» The task:
Write out the data word for word, taking care that no picture is carried over.

[Information supplied Boundary: Start]

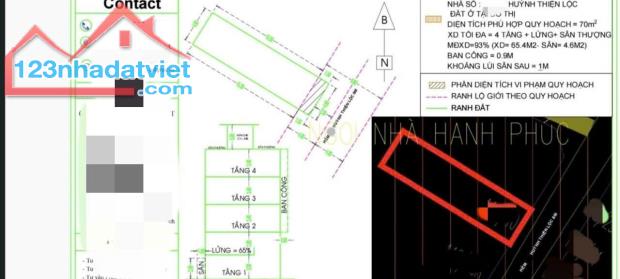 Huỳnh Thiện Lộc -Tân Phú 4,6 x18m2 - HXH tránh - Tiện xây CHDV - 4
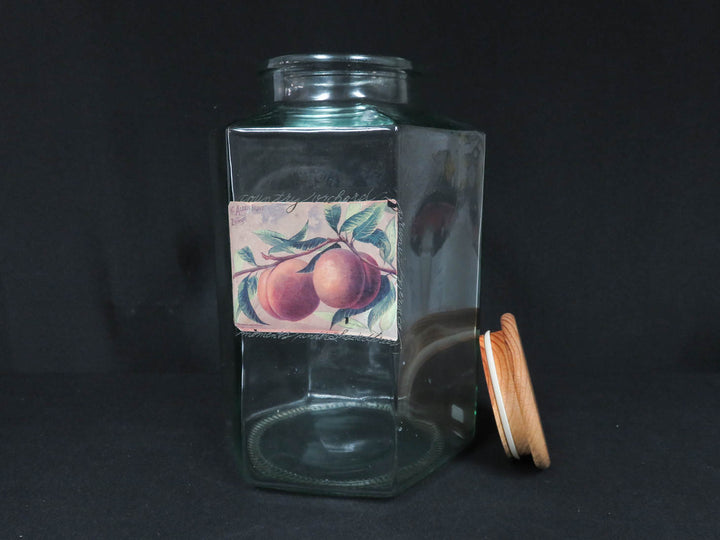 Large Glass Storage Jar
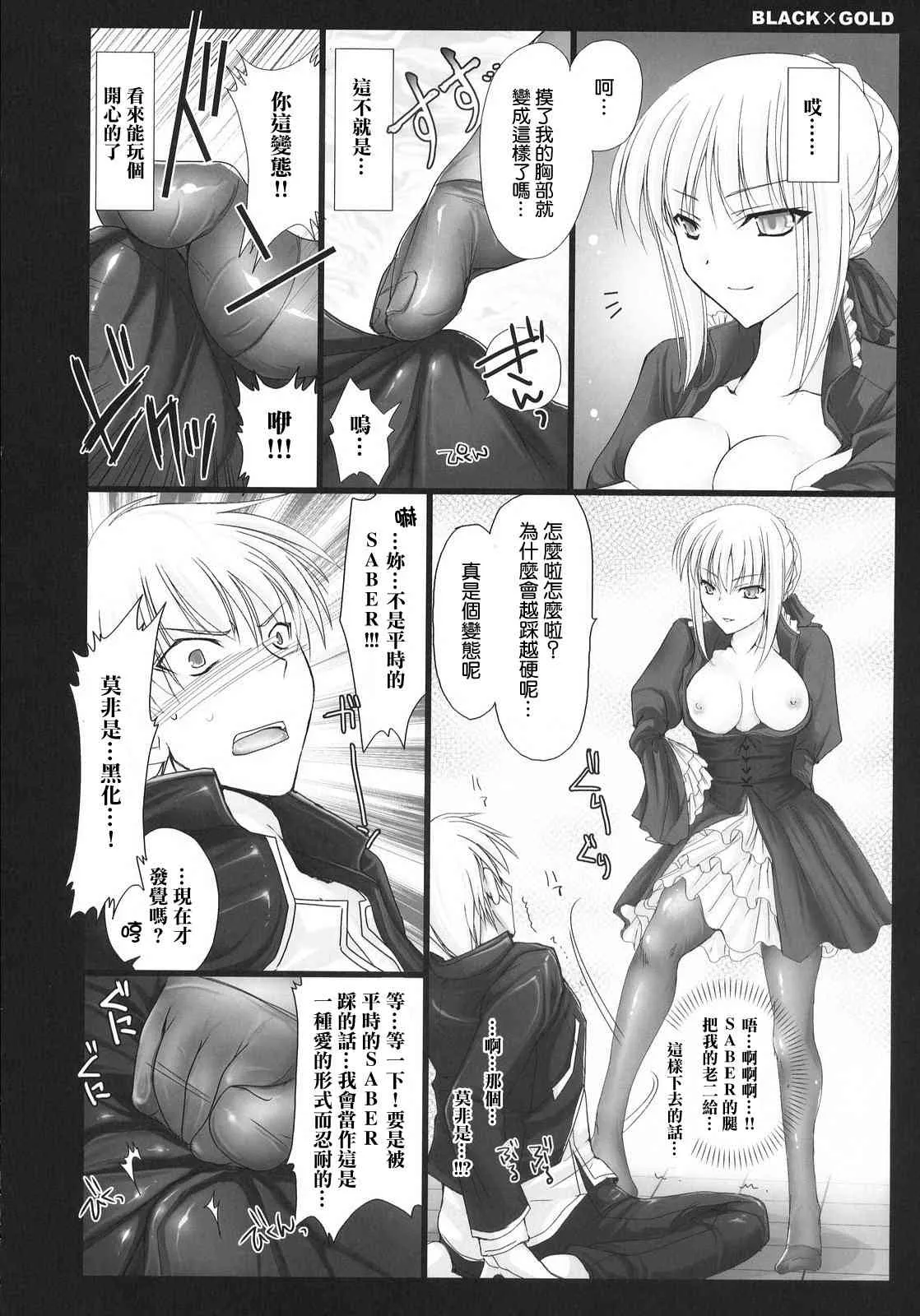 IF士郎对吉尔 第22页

[Information supplied Boundary: End]

» Exercise output:
 Huỳnh Thiện Lộc -Tân Phú 4,6 x18m2 - HXH tránh - Tiện xây CHDV - 4
 Large Glass Storage Jar
 IF士郎对吉尔 第22页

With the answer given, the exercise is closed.